The Bottom
For a very brief period of my life, I wrote about popular music. I lived in Houston and attended the university of the same name. It coincided with the rise of several eventually famous artists, and one of them was ZZ Top. Their second album had just come out, I’d seen them live at local venues, and liked their sound. I thought they deserved a profile in the newspaper’s Sunday supplement. It was arranged, and that’s how I met Dusty Hill, who passed away this week.
This is not a story of a friendship. Back then journalists didn’t befriend their subjects. While I was still writing and frequenting clubs, however, I’d see Dusty and Frank Beard their drummer, usually together, drinking a beer in a quiet corner and we’d talk. The last time I saw them was backstage at a show in Rice Stadium. After that they were bad and nationwide and my career went in a different direction, too. I ran across a trace of Dusty many years later when I was playing a round of golf at local course in a Houston suburb and someone said, that’s Dusty Hill’s house. It made me feel good, for some reason, that he’d managed to survive the rock and roll lifestyle and become a suburban dad.

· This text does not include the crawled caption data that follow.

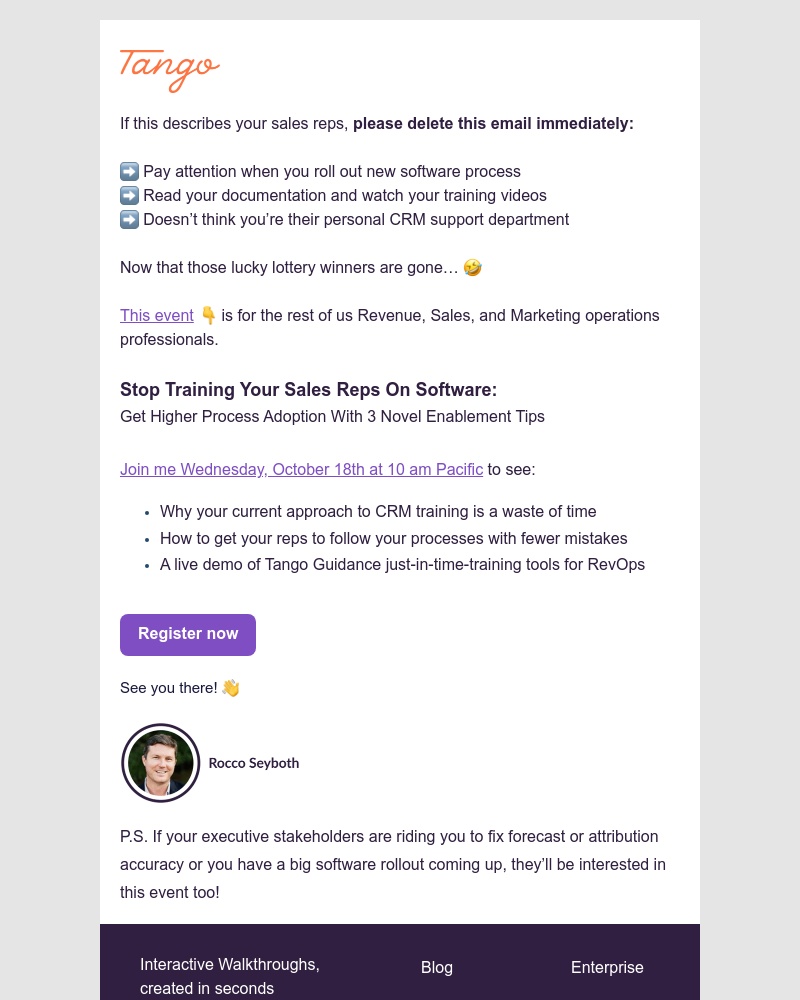 Tango - [Webinar] Stop training your sales reps on software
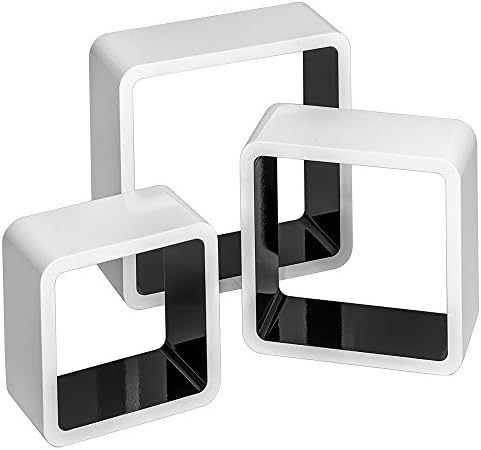 TecTake Set of 3 wall mounted shelves schelf units CD book storage cubes lounge display - different colours - (Black-White | No. 401591)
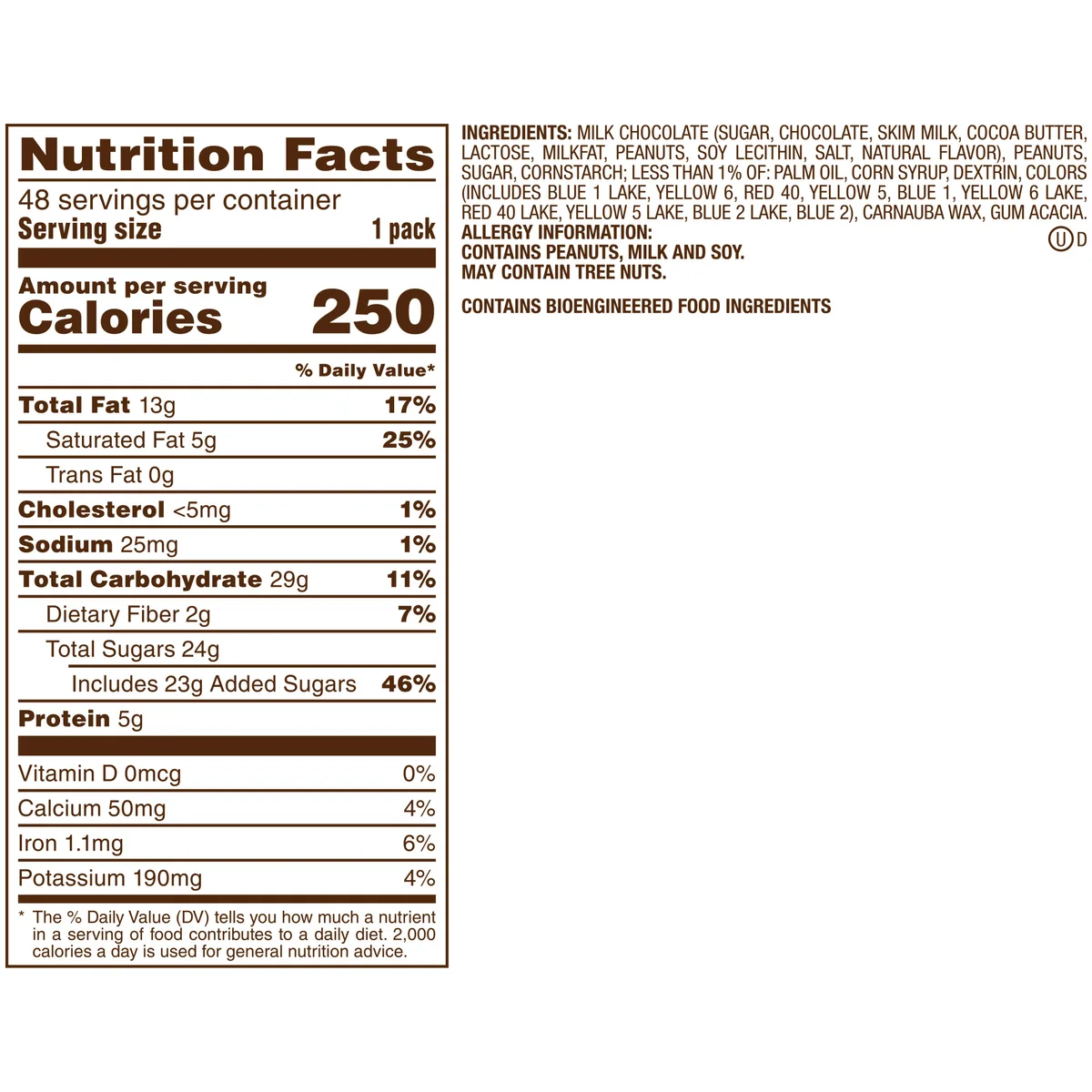 M&M'S Full Size Chocolate Candy, Peanut, 1.74 oz, 48 ct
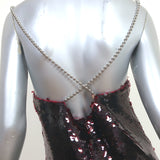 The Attico Fujiko Sequined Mini Dress Cherry Red Size 44 NEW
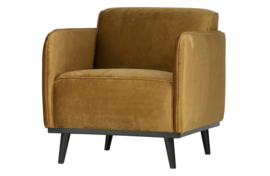 Fauteuil Statement met arml.  fluweel honing geel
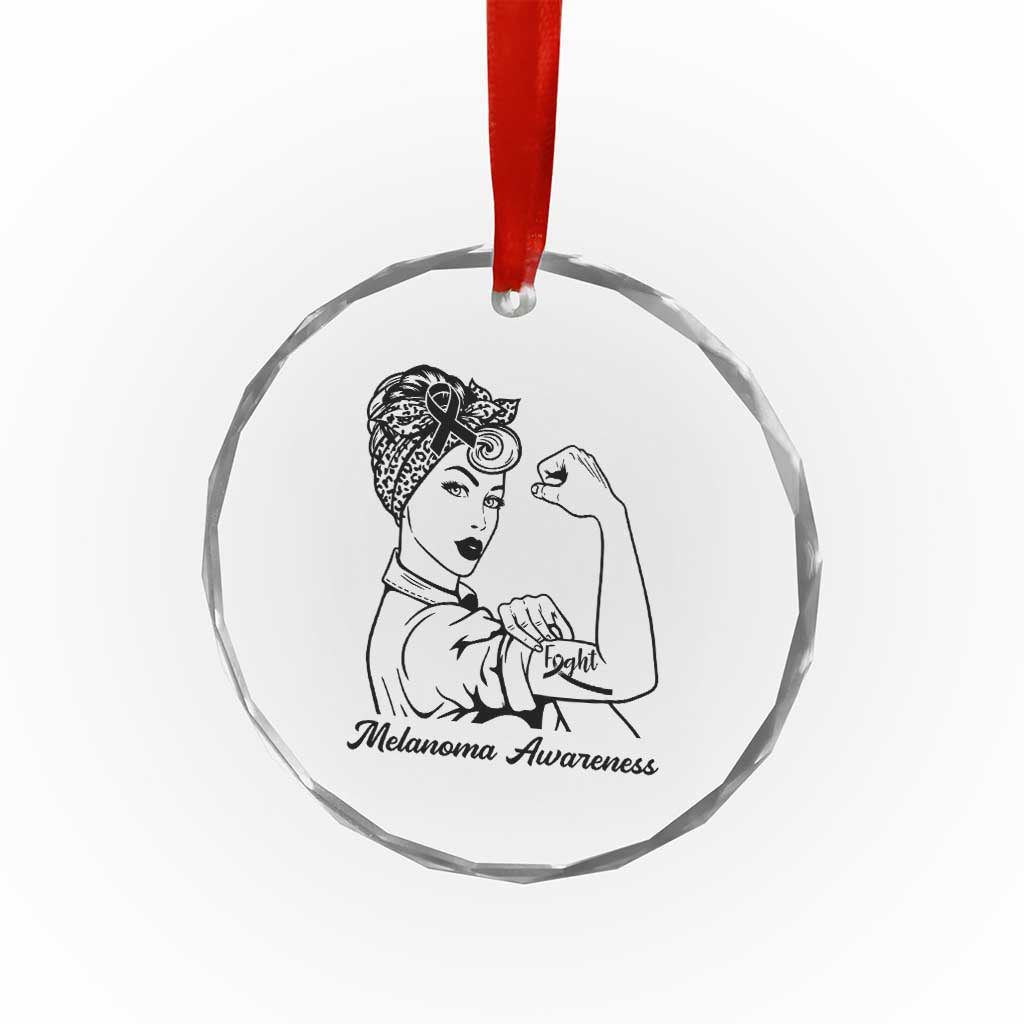 Melanoma Awareness Strong Woman Crystal Glass Ornament Feminist Warrior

It likewise makes me glad, even in the sorrow of his passing, that he died in his sleep at home rather than some seedy hotel on the outskirts of town with a hooker at his side and a speedball in his arm. A small life victory, I guess. Meanwhile, he leaves behind a nice musical legacy that I share with my oldest son who called to talk to me after Dusty passed. We talked about their shows we’d seen, alone and together, and how their songs were part of our family soundtrack. And now I think I’ll put on Blue Jean Blues because there’s a really mournful note at the end of the song, that I need to hear right now.